Input:
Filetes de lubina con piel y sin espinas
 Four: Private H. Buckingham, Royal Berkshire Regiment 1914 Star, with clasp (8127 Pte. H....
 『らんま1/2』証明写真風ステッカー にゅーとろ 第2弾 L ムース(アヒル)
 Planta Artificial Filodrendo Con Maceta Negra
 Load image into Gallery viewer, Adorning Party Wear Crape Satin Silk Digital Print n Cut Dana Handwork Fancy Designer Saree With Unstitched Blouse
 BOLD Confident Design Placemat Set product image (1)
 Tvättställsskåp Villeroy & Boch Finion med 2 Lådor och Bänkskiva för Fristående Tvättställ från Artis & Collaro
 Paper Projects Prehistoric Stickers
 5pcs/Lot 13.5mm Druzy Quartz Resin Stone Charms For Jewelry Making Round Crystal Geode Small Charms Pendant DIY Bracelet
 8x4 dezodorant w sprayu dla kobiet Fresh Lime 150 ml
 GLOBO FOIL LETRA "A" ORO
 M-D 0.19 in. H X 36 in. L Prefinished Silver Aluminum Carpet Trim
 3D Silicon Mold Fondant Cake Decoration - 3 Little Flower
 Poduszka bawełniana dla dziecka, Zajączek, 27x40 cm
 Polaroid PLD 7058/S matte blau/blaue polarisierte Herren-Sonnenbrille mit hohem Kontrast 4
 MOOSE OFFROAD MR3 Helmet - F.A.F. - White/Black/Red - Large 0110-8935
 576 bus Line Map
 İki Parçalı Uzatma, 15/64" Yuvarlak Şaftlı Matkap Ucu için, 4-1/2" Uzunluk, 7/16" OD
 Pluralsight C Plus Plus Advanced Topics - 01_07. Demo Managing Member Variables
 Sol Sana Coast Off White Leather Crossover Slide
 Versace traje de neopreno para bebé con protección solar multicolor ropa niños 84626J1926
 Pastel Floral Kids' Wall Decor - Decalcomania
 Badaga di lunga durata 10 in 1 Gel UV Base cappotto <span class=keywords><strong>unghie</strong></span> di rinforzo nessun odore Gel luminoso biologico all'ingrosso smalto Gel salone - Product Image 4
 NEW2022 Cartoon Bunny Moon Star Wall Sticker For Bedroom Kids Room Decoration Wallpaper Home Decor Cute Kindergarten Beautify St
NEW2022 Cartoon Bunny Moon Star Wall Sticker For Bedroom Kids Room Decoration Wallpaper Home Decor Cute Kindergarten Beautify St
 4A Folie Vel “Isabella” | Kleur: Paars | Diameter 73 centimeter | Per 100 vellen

Task prompt: Scan the records for the word "Moon", and copy each line where it is found.

Exercise output:
 NEW2022 Cartoon Bunny Moon Star Wall Sticker For Bedroom Kids Room Decoration Wallpaper Home Decor Cute Kindergarten Beautify St
NEW2022 Cartoon Bunny Moon Star Wall Sticker For Bedroom Kids Room Decoration Wallpaper Home Decor Cute Kindergarten Beautify St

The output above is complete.